_What is expected_
Set out exactly every line of the entries below, starting at the line that holds "ஒருவர் இறந்த பின்" and stopping after the line that holds "Gebraucht Mercedes E220".
Exercise input Block Start
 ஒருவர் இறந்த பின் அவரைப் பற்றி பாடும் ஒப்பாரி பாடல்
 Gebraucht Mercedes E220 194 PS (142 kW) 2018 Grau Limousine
Exercise input Block End
Exercise input Block Start
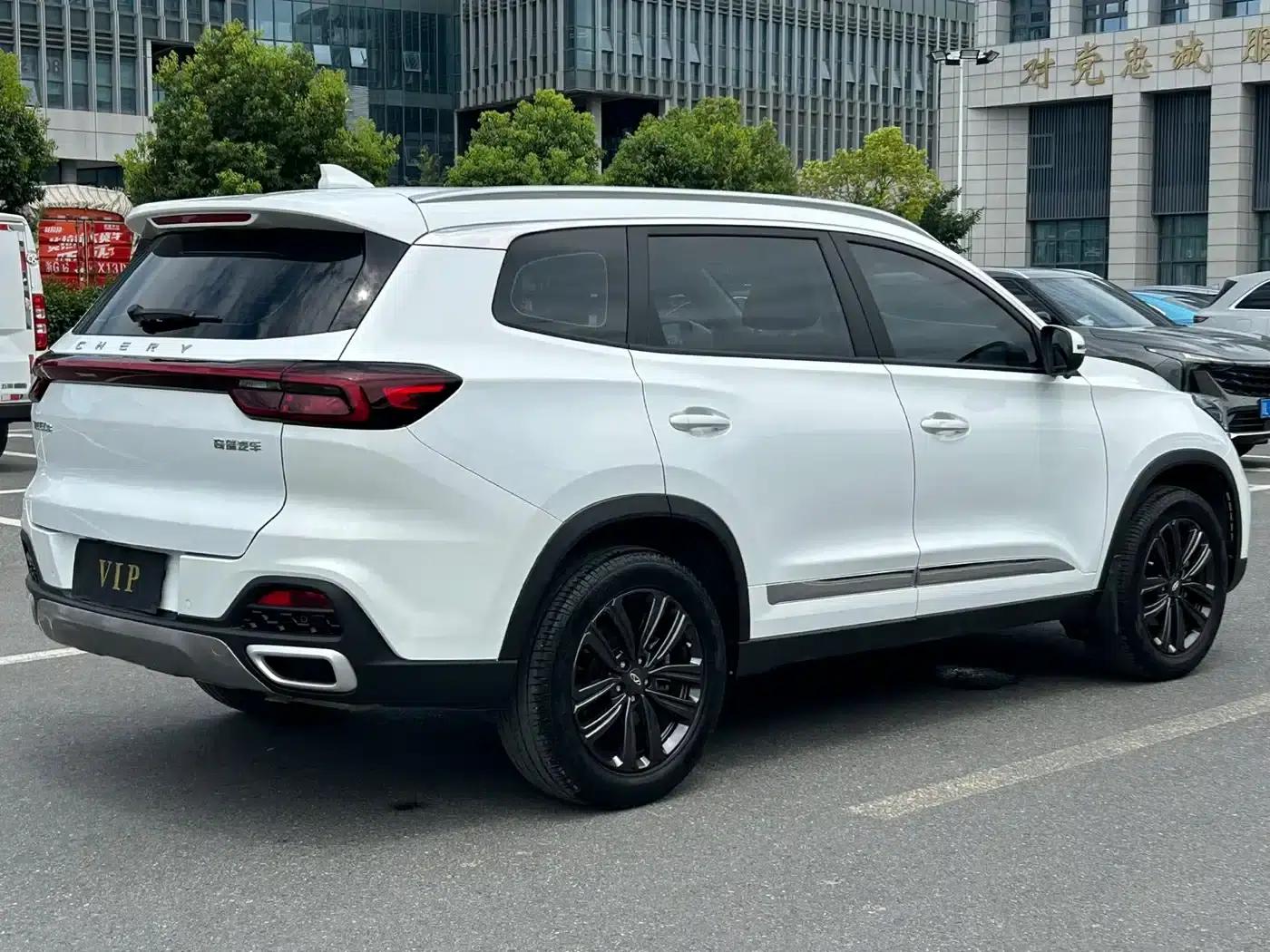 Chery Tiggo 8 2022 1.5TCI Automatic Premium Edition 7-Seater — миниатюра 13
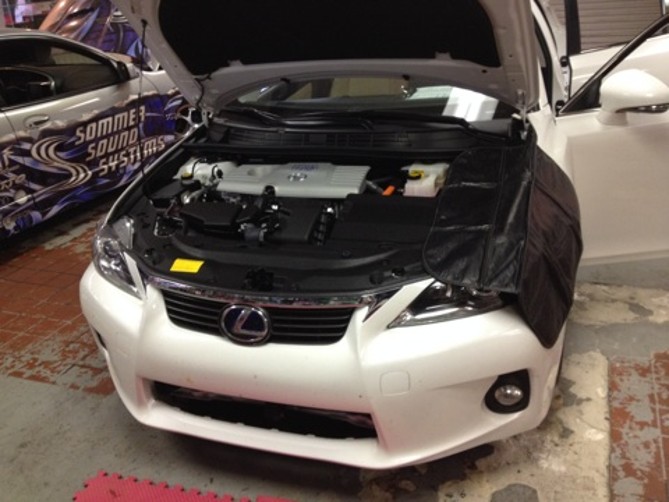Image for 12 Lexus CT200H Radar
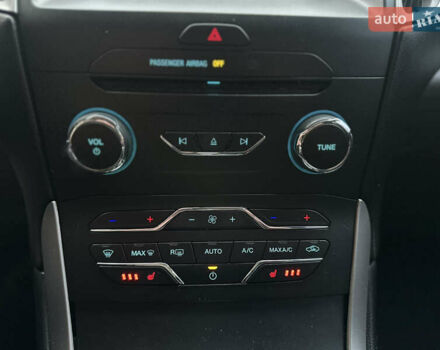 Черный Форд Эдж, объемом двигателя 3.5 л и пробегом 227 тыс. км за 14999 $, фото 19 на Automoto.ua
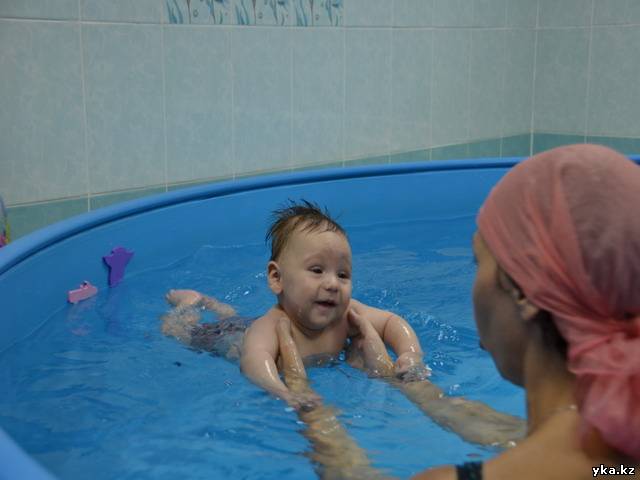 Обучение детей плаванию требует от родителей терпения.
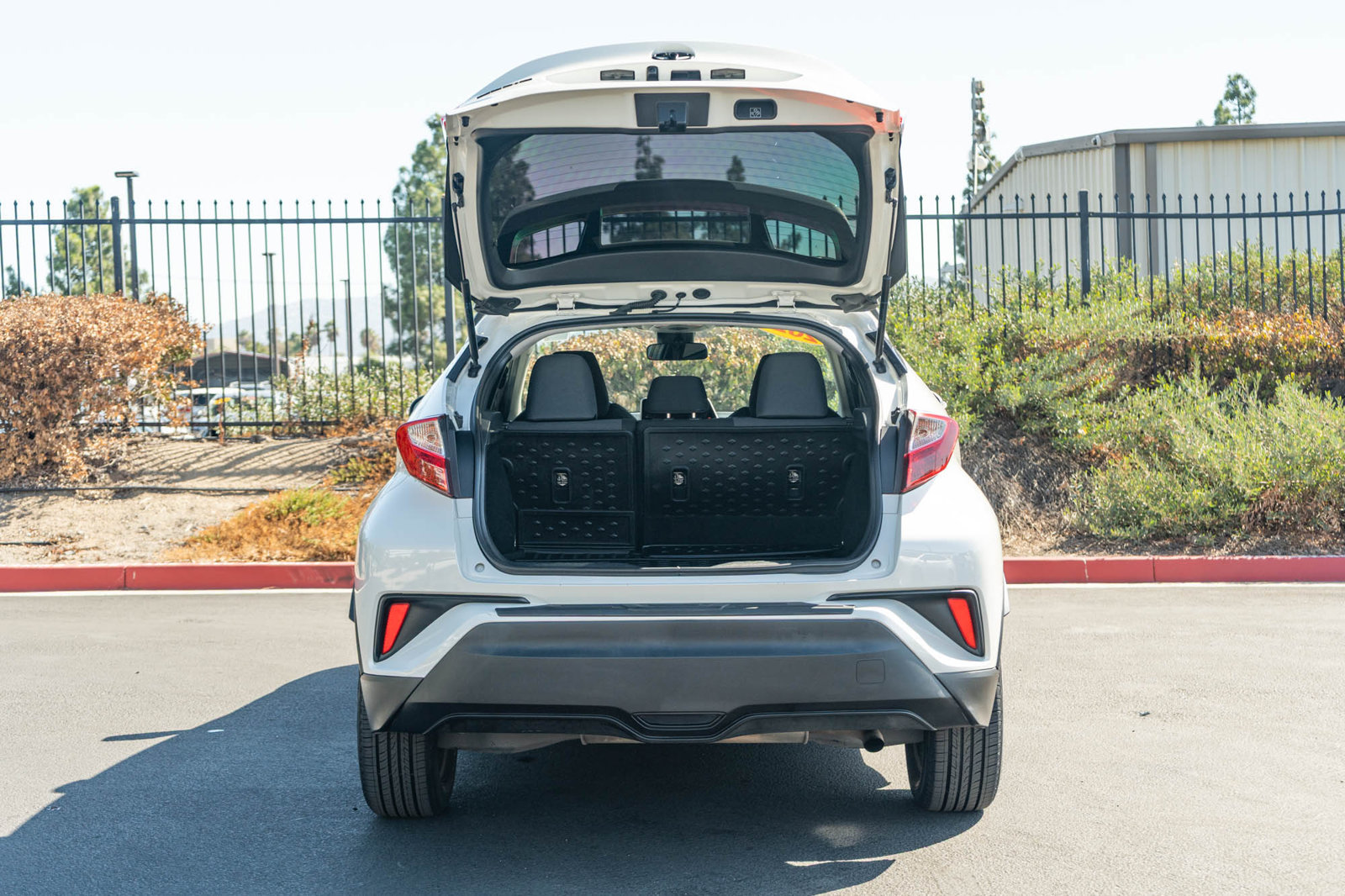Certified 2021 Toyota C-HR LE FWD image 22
Exercise input Block End
Exercise input Block Start
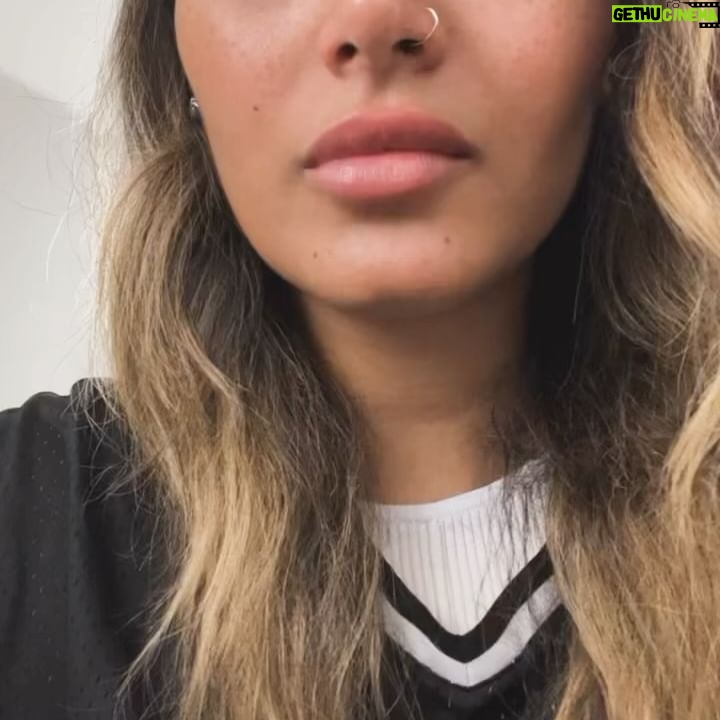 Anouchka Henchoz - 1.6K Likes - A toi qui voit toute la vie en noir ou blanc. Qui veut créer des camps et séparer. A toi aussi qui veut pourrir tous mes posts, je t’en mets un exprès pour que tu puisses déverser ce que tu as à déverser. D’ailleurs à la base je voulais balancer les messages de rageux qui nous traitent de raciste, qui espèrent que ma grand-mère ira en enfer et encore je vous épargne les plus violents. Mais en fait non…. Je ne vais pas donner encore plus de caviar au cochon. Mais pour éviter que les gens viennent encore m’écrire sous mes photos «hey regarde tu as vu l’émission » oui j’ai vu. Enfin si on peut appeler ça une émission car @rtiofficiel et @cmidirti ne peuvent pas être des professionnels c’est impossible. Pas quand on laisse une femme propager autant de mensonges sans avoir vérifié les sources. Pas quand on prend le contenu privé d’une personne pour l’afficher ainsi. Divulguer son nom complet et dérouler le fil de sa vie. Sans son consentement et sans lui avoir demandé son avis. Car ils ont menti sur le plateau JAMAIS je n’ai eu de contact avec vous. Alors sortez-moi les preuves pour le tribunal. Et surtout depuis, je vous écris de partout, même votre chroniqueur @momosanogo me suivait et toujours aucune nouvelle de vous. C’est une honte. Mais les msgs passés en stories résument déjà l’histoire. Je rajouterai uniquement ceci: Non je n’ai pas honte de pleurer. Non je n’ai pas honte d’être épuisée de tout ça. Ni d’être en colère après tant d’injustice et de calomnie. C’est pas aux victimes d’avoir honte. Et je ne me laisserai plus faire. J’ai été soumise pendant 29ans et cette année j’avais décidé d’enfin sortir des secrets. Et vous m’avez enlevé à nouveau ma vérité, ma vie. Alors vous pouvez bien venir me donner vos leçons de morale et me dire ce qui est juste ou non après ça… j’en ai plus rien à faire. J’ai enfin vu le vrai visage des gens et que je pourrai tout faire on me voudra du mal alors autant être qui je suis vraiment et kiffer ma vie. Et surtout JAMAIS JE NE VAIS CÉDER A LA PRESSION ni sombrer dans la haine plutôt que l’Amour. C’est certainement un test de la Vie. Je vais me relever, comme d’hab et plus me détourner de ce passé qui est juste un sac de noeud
Exercise input Block End
_Response_
 ஒருவர் இறந்த பின் அவரைப் பற்றி பாடும் ஒப்பாரி பாடல்
 Gebraucht Mercedes E220 194 PS (142 kW) 2018 Grau Limousine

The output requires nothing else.